Der nun vorgestellte ASCOD steht für Austrian Spanish Cooperation Development. Der Schützenpanzer ist in Österreich unter der Bezeichnung Ulan und in Spanien unter dem Name Pizarro seit 2001 bzw. 2003 im Dienst. Als nationale Produktionspartner diente die Steyr-Daimler-Puch Spezialfahrzeuge GmbH respektive Santa Bárbara Sistemas, welche beides Teil des General Dynamics European Land Combat Systems Konzerns sind. Das je nach Variante zwischen 28 und 45 Tonnen wiegende Fahrzeug kann mit zahlreichen Optionen in Bezug auf Bewaffnung, Sensorik und Panzerung bis hin zu Hard Kill Schutzsystemen ausgestattet werden.

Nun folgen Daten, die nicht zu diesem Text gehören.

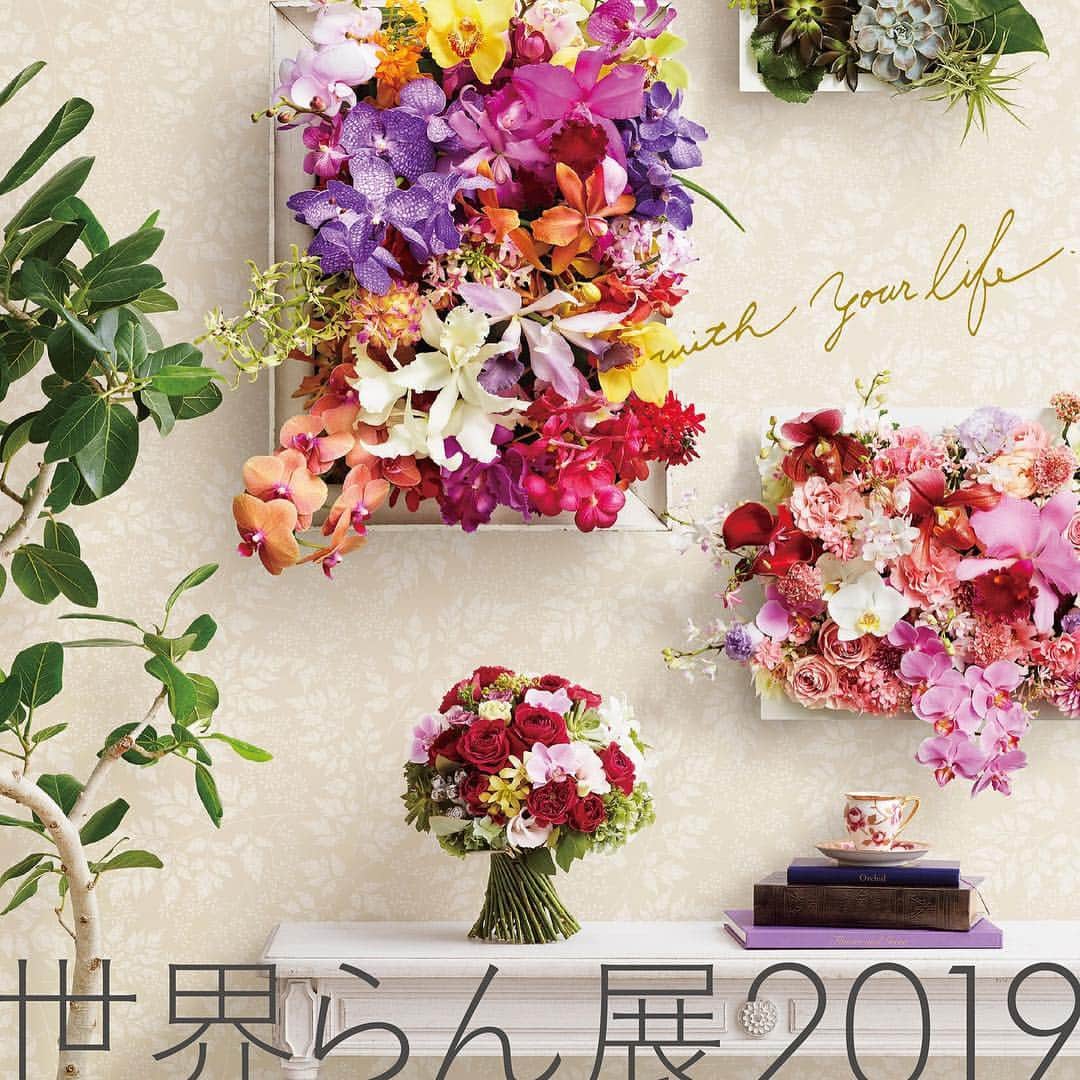 世界らん展日本大賞のインスタグラム：「「世界らん展2019 -花と緑の祭典-」は、 2月22日(金)をもちまして閉幕しました。 ・ ご来場ありがとうございました🌸 ・ ・ #ボタニカルライフ  #世界らん展2019  #世界らん展  #蘭  #orchid  #orchids  #flowers  #花  #花のある暮らし #カメラ女子 #写真好きな人と繋がりたい  #写真を撮るのが好きな人と繋がりたい」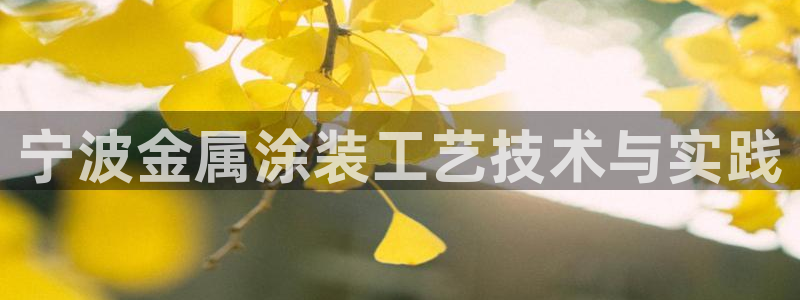 为什么我的美高梅网页上不了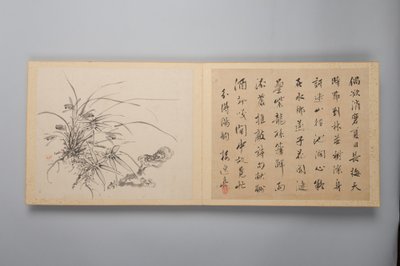 Wyrafinowana elegancja w czterech porach roku Shiji seiga, Album obrazów kwiatowych, 1844. autorstwa Yamamoto Baiitsu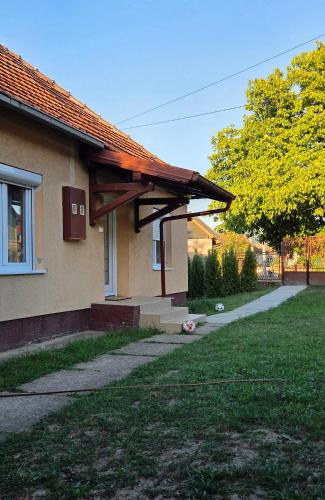 Aed, Rzavski mir in Arilje
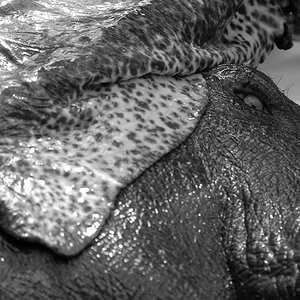 DSC 1837 sw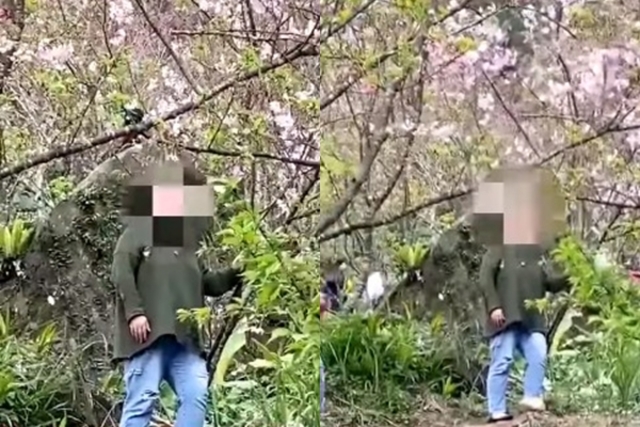 大媽為拍美照狂晃櫻花樹 眾怒：以為是搖錢樹？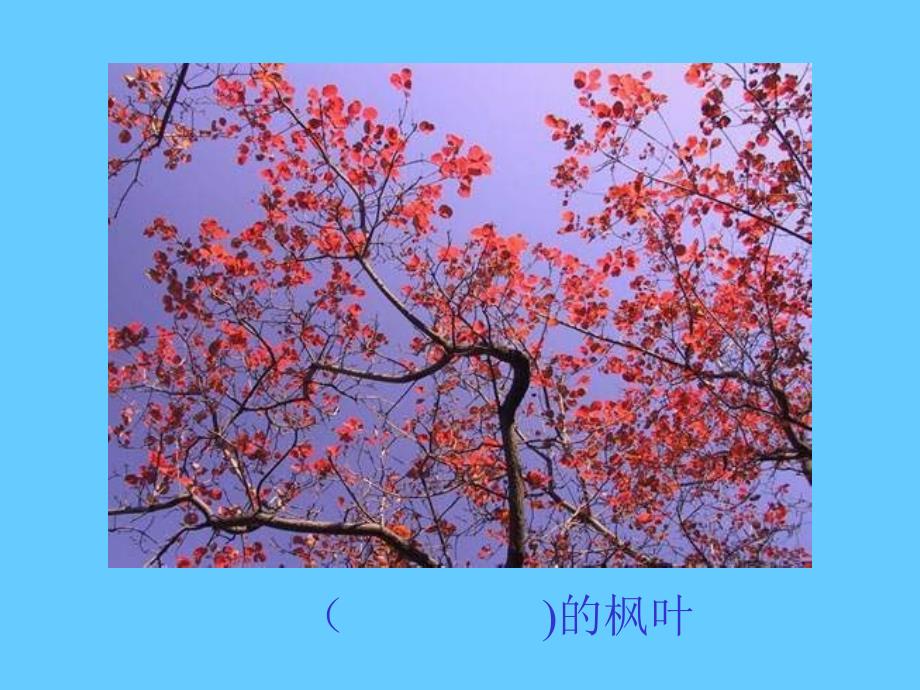 【5A文】二年级语文《蓝色的树叶》_第3页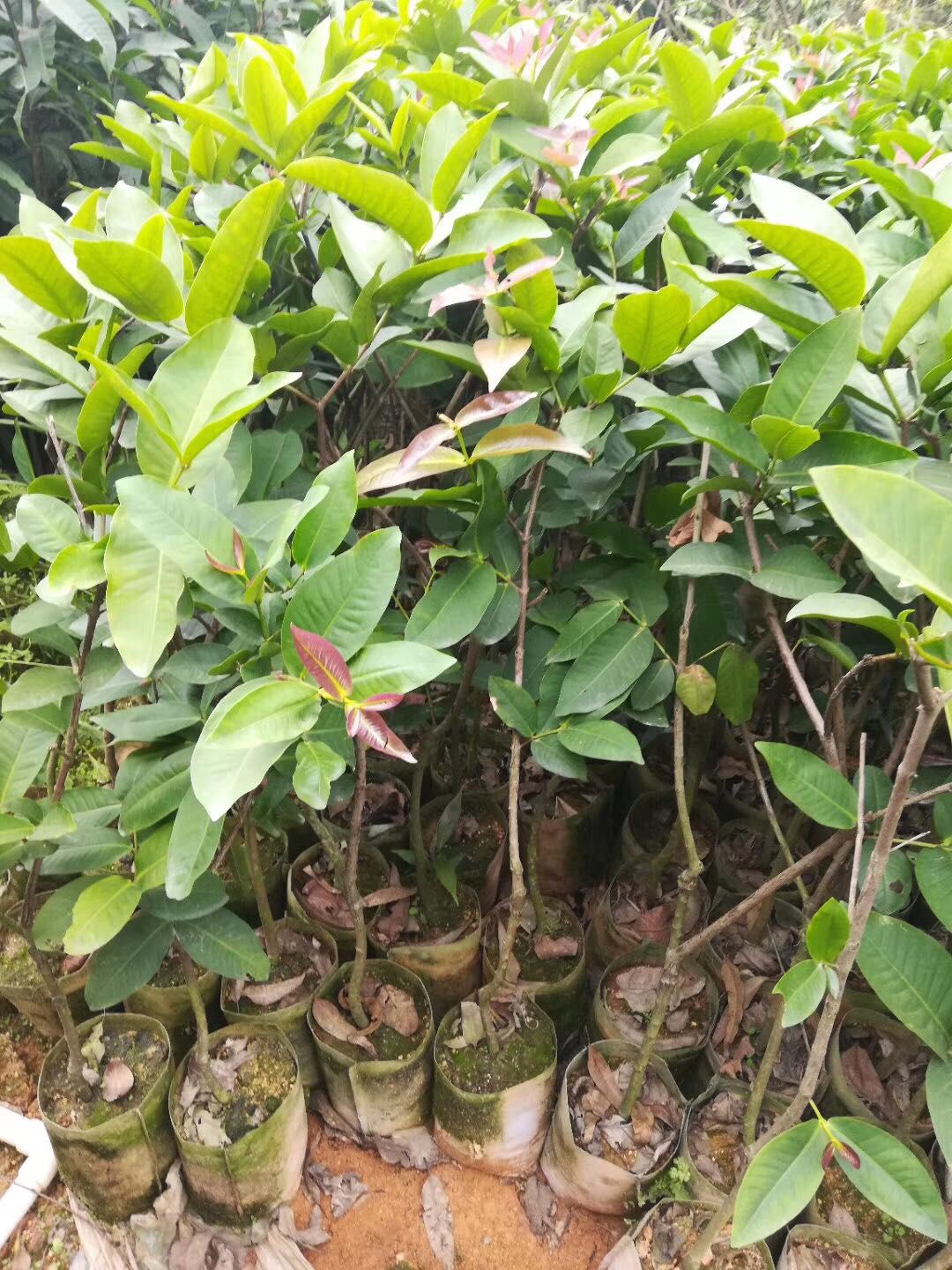 大叶红莲雾苗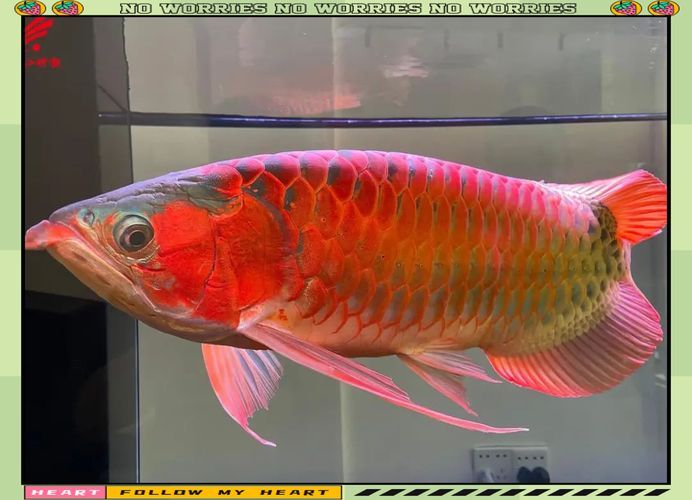 南海花卉博覽園的龍魚價格如何？，南海花卉博覽園龍魚價格因品種、大小和市場需求而異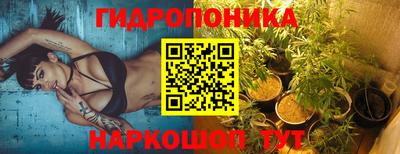 СК Рыбинск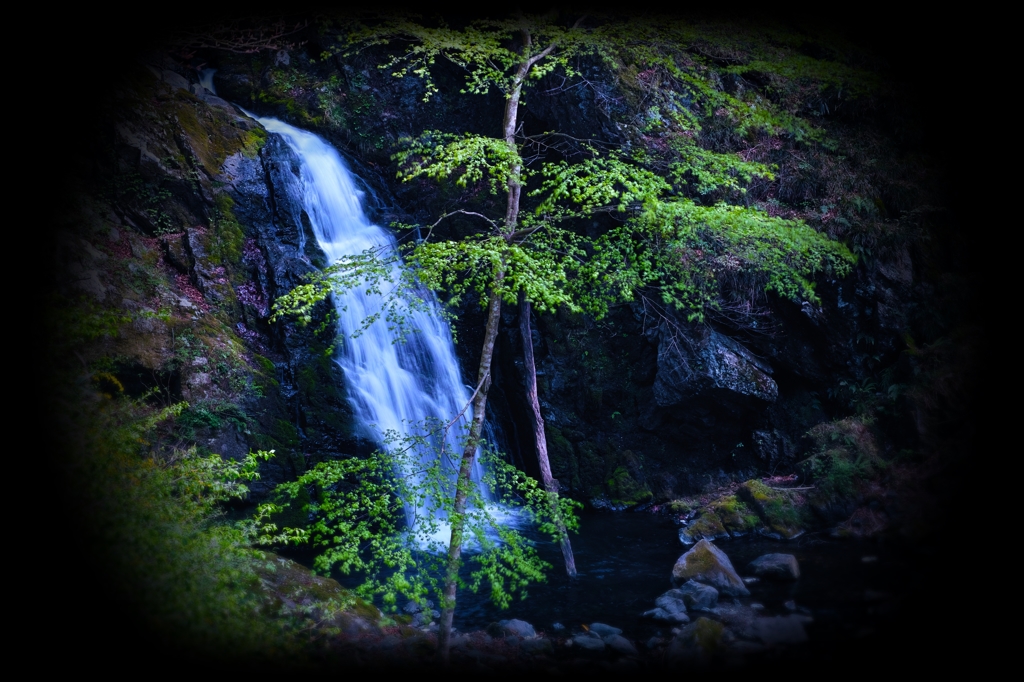 花滝　～新緑の風～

Als weiterer Nutzer entschied sich Großbritannien für das Fahrzeug und bestellte insgesamt 589 Stück. Auf Grundlage des ASCOD wurde von General Dynamics UK die Ajax Aufklärungsfahrzeugfamilie für das britische Future Rapid Effect System Programm entwickelt. Der Produktionsstart und Einführung verzögerte sich nach der 2010 getroffen Entscheidung jedoch mehrfach und liegt aktuell etwa drei Jahre hinter dem Plan. Jüngsten Aussagen des britischen Rüstungsstaatssekretärs Jeremy Quinn zufolge wird seitens des britischen Heeres ab Ende Juni 2021 mit der Initial Operating Capability des Ajax gerechnet.

Neben dem überaus modularen Design und der offenen Systemarchitektur ist der ASCOD geeignet zahlreiche Aufgaben von der Nutzung als Aufklärungsfahrzeug über die Rolle als Waffenträger bis hin zu der eines mittleren Kampfpanzers einzunehmen. Auch die Einbindung der lokalen Industrie in die Fertigung und Modernisierung über den ganzen Lebenszyklus des Systems ist bereits mehrfach unter Beweis gestellt worden. Ein Faktor, welcher bei der slowakischen Entscheidung ein hoher Stellenwert zugeschrieben wird.

In Zukunft gilt es abzuwarten, welche weiteren Anbieter sich in der laufenden Marktsichtung präsentieren werden. Ein potentieller Kandidat ist der von BAE Systems entwickelte CV90, welcher neben dem Lynx und dem ASCOD auch als möglicher Nachfolger für die Schützenpanzer der tschechischen Streitkräfte im Rennen ist.